▶ Description of the task: Retype exactly the lines of the listing below from the one with "3/8 inch Pink" through the last, both included, and leave every picture out.

▶ Provided data:
····················
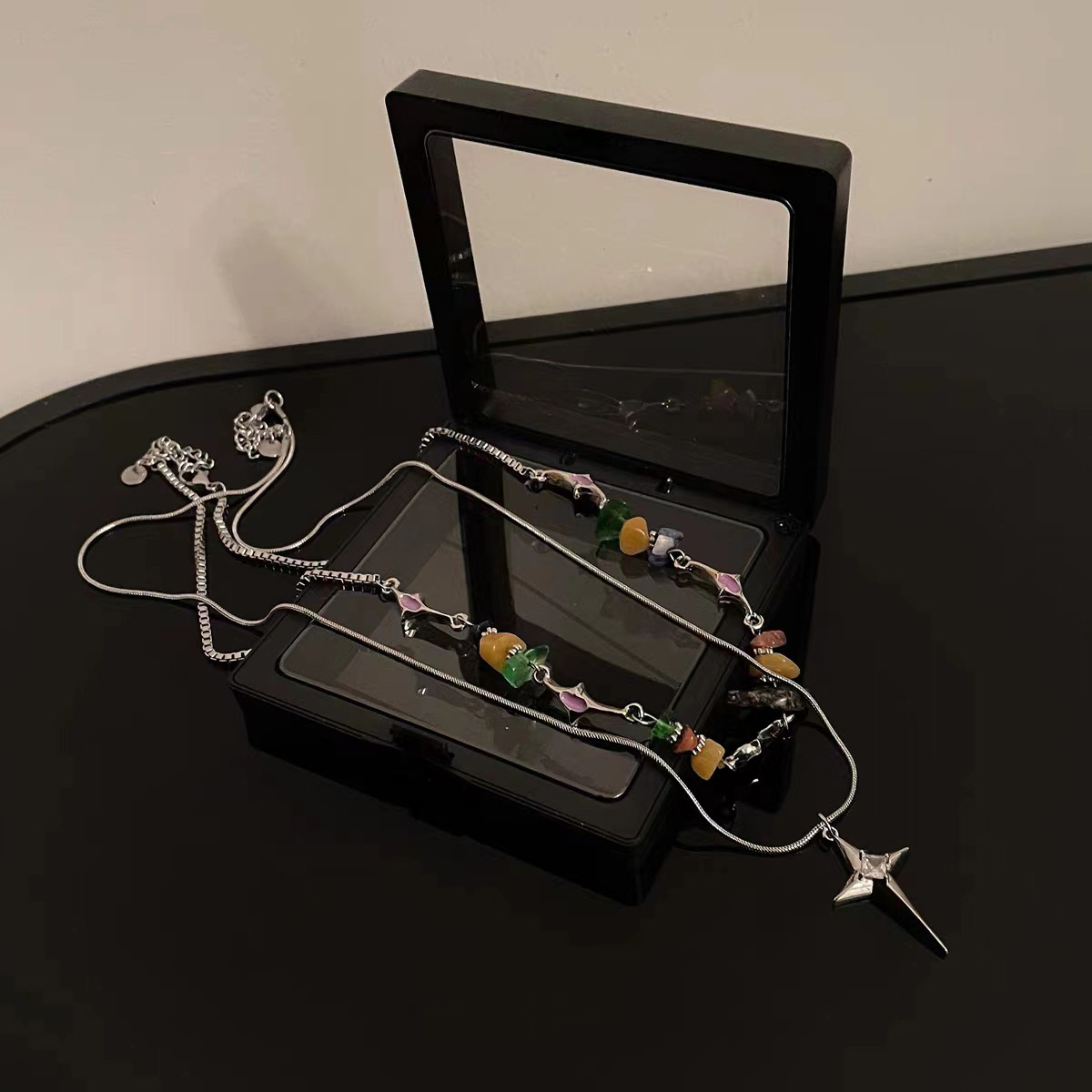 Double Layered Colored Crushed Stone Cross Chain For Boys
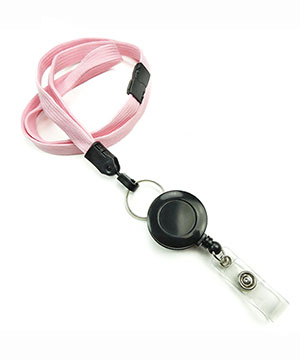 3/8 inch Pink breakaway lanyard attached split ring with retractable ID reel-blank-LNB32RBPNK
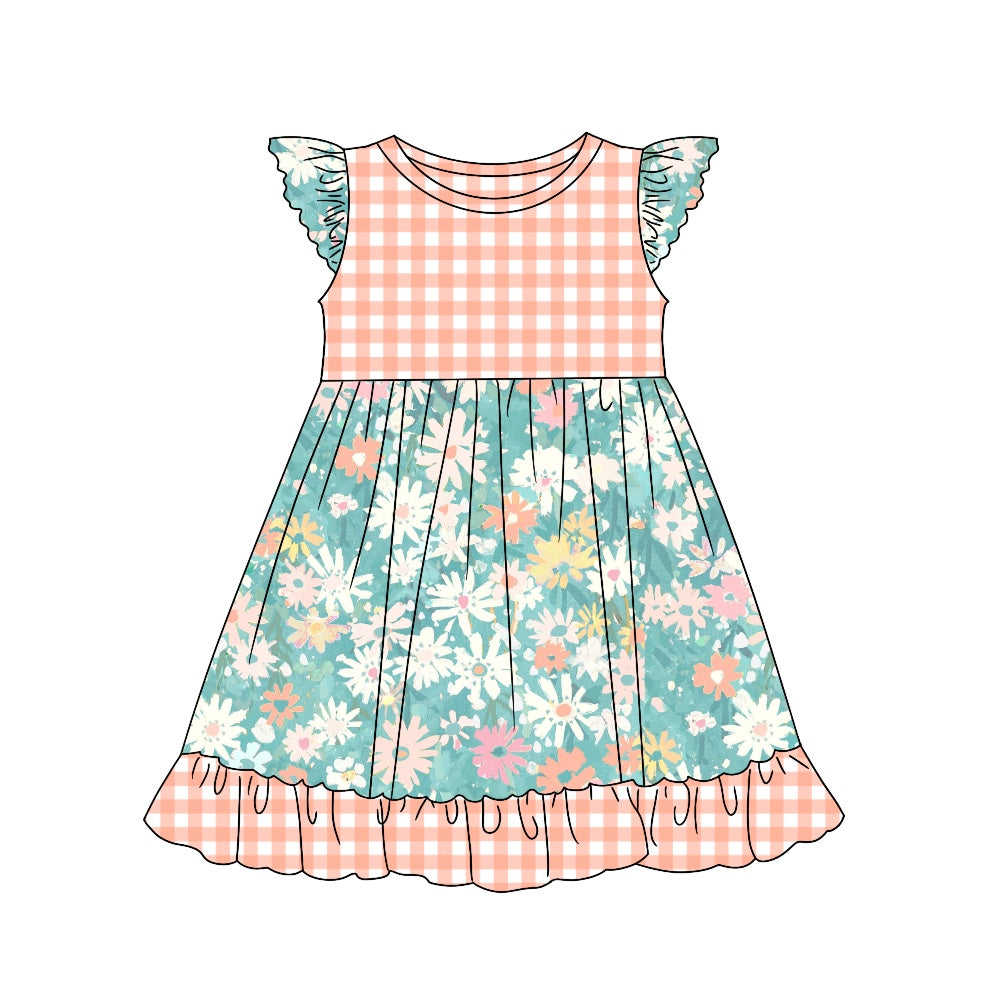 Baby Girls Green Orange Flowers Flutter Sleeve Dresses preorder (moq 5)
····················
▶ Answer to the exercise:
 3/8 inch Pink breakaway lanyard attached split ring with retractable ID reel-blank-LNB32RBPNK
 Baby Girls Green Orange Flowers Flutter Sleeve Dresses preorder (moq 5)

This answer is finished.